O trabalho com a poesia nas escolas é de grande relevância, tendo em vista a formação do leitor crítico, atuante, construtor de múltiplos significados. Nesta perspectiva, alguns aspectos precisam de ser considerados. Um deles diz respeito ao despreparo do professor.
Iniciando-se no âmbito familiar, a formação do leitor acontece principalmente na Escola, em um processo contínuo, tendo como primeiros mediadores bibliotecários e professores. Esse leitor deve ser compreendido como um indivíduo que estabelece uma relação profunda com a linguagem, com as significações, e que experimenta o gosto e o prazer pela leitura. Através da leitura, é possível instruir, educar e também divertir. Ao pensar na Escola enquanto espaço privilegiado de formação de leitores, tendo o professor como mediador das experiências leitoras, faz-se necessário refletir sobre a importância de se trabalhar com diferentes categorias textuais, para que esse leitor em formação estabeleça relações significativas entre a leitura e as situações comunicativas. Uma dessas categorias é a poesia. Muitos professores trabalham com a poesia infantil por ela ser geralmente curta e de fácil aplicação em sala de aula e por apresentar estruturas que brincam com o ritmo e a musicalidade, tornando-se muito atrativa às crianças – textos poéticos mais complexos, de poetas nacionais e estrangeiros, e utilizados em faixas etárias mais altas, sobretudo nas últimas classes do ensino primário, são um poderoso fator para o domínio da língua.
Centelha. A poesia, antes de tudo, é a transfiguração da realidade em expressão de beleza e de contemplação emocional. Ela desperta a sensibilidade e os valores estéticos. Aprimora as emoções e a sensibilidade, aguça sensações. Brinca com múltiplos significados, materializa o prazer, torna a criança e o adolescente receptivos às manifestações de beleza. É comunicação, fonte de saber. É profundidade. A poesia exige introspecção porque joga com múltiplos sentidos, realçando signos e significantes. O poema demanda de seu leitor um olhar mais atento, uma ativa mobilização do lado intelectual e afetivo, requerendo um entrelaçamento contínuo de emoções e desejos, juízos e considerações. Incompatível com a passividade, a poesia leva o aluno a se perceber como sujeito construtor de significados, aquele que não se contenta com as versões recebidas, mas que questiona e transforma a realidade interior e exterior. No aluno, a poesia pode ser a centelha que deflagrará o encantamento, a inspiração, a fantástica capacidade de surpreender-se, de maravilhar-se. A poesia propõe a abertura para as diferenças. É um jogo com os sons, os ritmos, os conceitos, as experiências. A poesia não pode ser ensinada, mas vivida: o ensino da poesia é, assim, o de sua ‘descoberta’. Justamente por isso, ela exige uma ‘iniciação’, pressupõe um método próprio, um seletivo trabalho com os textos destinados a propiciar sensações que correspondem à criação do ‘estado poético’ no aluno, permitindo a expansão de sua criatividade e ampliando sua compreensão do real.

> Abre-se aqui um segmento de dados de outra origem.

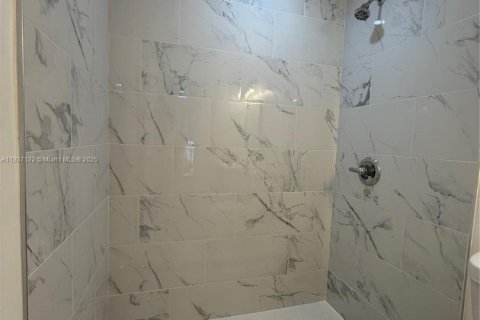 Снять в аренду виллу или дом в Норт-Майами, Флорида 2 спальни, 115.38м2, № 1933750 - фото 16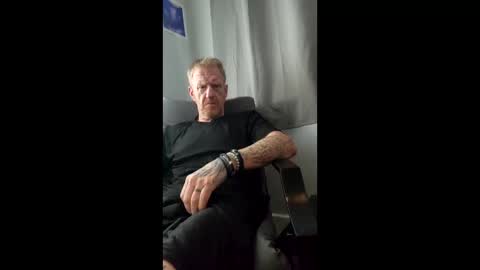 Snapshot of kendall21978 chatting on April 25, 6:05 pm kendall21978 online show from April 25, 6:05 pm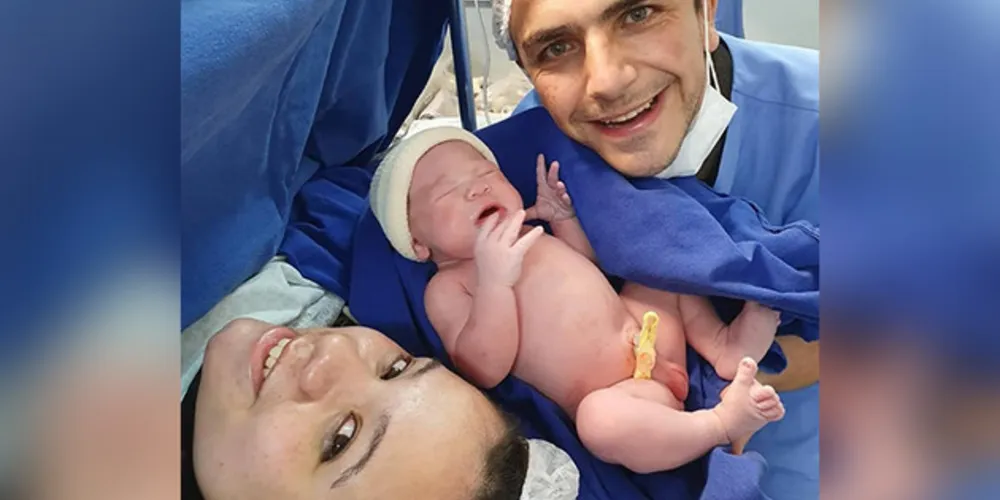 Ayla nasceu com 3,5 quilos e passa bem, assim como a mamãe Thaís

Dificuldades. O ensino da literatura, tanto no ensino fundamental quanto no médio, é realizado, geralmente, de forma empírica. O desconhecimento dos processos literários e, muitas vezes, dos próprios textos que poderiam mais facilmente chegar aos alunos – das primeiras às últimas classes – se torna mais evidente quando se trata de poesia, gênero mais difícil e pouco cultivado entre os leitores, e até professores. As dificuldades encontradas pelos professores em atingirem as crianças e adolescentes, conduzindo-os ao gosto pela literatura, e pela leitura, se tornam, no caso da poesia, altamente críticas. Por outro lado, se o trabalho desenvolvido nas universidades destinadas a preparar os futuros professores de língua e literatura enfatiza algumas questões específicas do processo literário, permanece a dificuldade do adequado tratamento metodológico para o assunto. E nesse passo surge outra dificuldade sensível – a incerteza quanto ao próprio estatuto de uma poesia para a infância e a adolescência, discutível, ao lado da evidência da necessidade de se graduarem as descobertas linguísticas, psicológicas, sensoriais, etc., na medida do próprio ritmo do desenvolvimento e dos interesses do aluno. A preocupação com o destinatário (jovem) torna-se, no caso da poesia, extremamente delicada, uma vez que a criação de uma sensibilidade para a arte, e para a criação em geral, independe dos ‘temas’ por ela veiculados, sendo muito difícil dizer que este assunto, e não aquele, pode ser apreendido poeticamente pelos alunos.